__What you will do__
Since only the text is wanted, print every entry below exactly and omit the images.

(Crawled caption data)
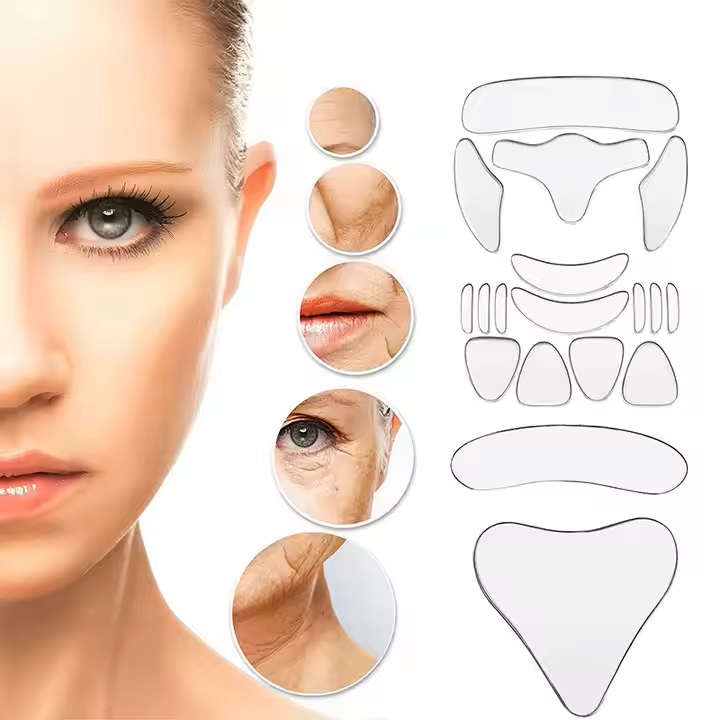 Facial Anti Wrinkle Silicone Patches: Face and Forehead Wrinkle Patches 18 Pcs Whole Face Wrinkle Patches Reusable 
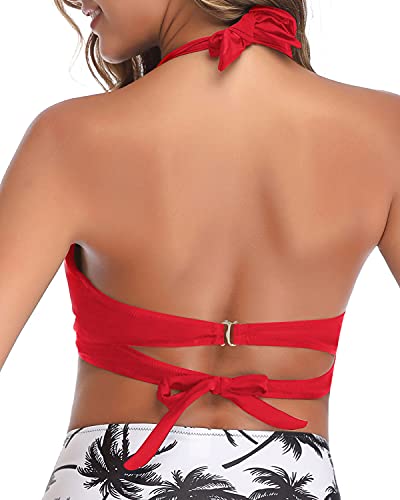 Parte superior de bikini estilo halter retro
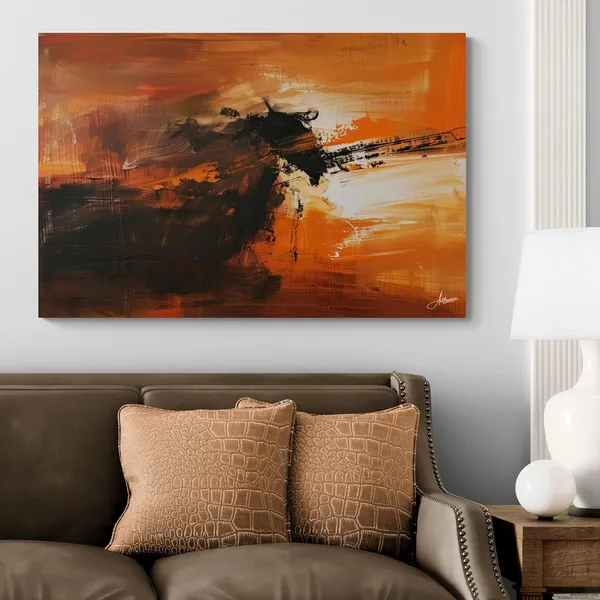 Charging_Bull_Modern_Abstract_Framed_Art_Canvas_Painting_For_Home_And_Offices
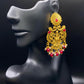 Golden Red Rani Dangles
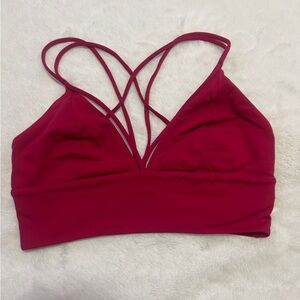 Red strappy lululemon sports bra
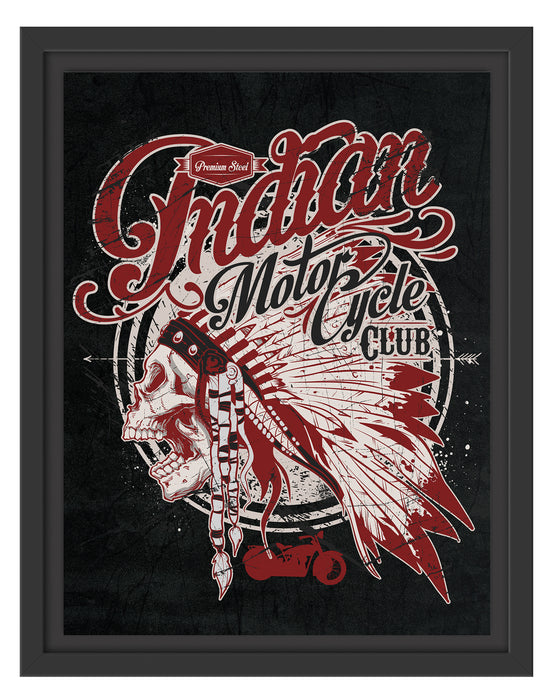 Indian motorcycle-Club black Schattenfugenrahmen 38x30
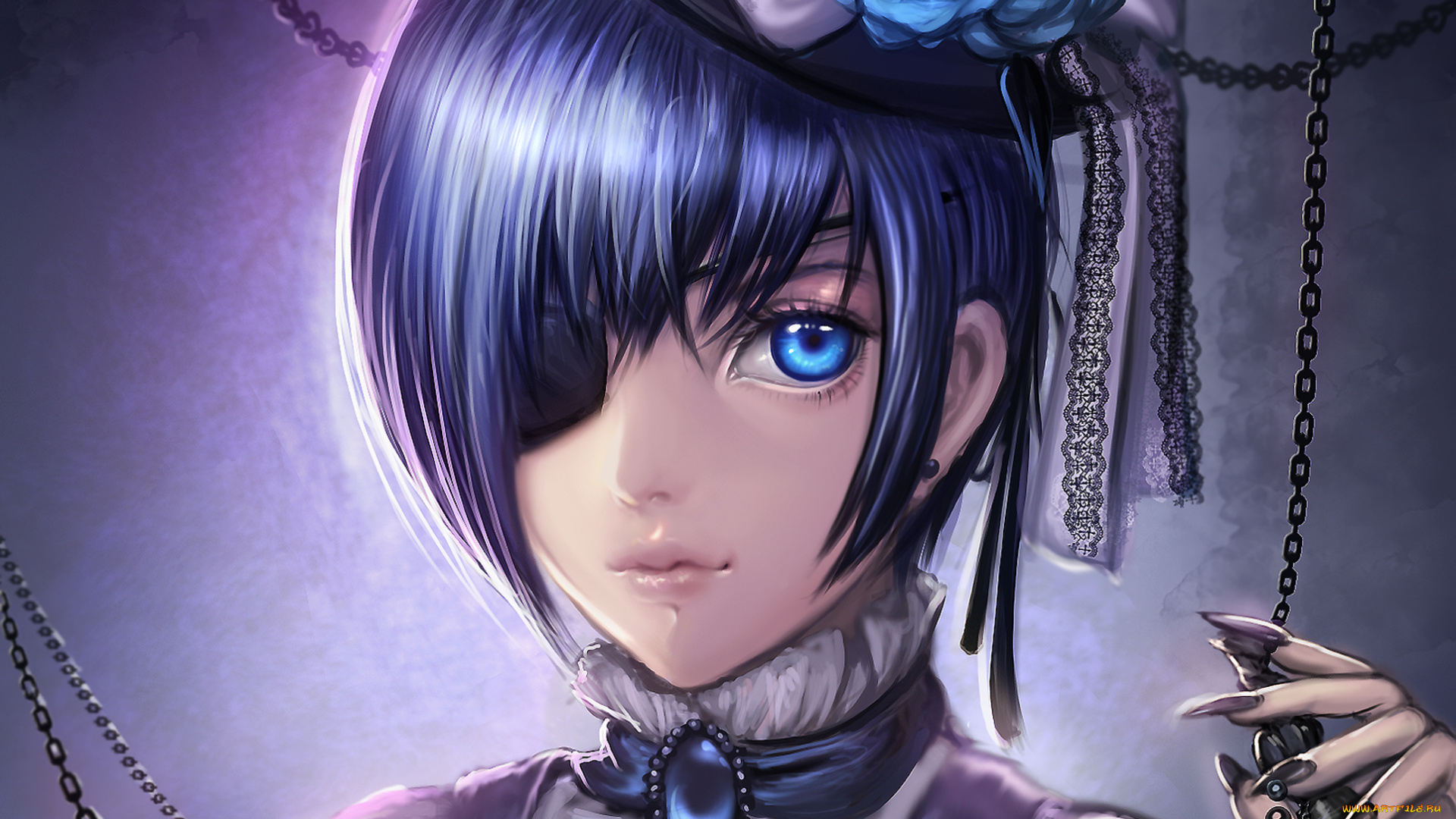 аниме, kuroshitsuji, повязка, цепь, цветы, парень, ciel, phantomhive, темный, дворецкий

__Expected answer__
 Facial Anti Wrinkle Silicone Patches: Face and Forehead Wrinkle Patches 18 Pcs Whole Face Wrinkle Patches Reusable 
 Parte superior de bikini estilo halter retro
 Charging_Bull_Modern_Abstract_Framed_Art_Canvas_Painting_For_Home_And_Offices
 Golden Red Rani Dangles
 Red strappy lululemon sports bra
 Indian motorcycle-Club black Schattenfugenrahmen 38x30
 аниме, kuroshitsuji, повязка, цепь, цветы, парень, ciel, phantomhive, темный, дворецкий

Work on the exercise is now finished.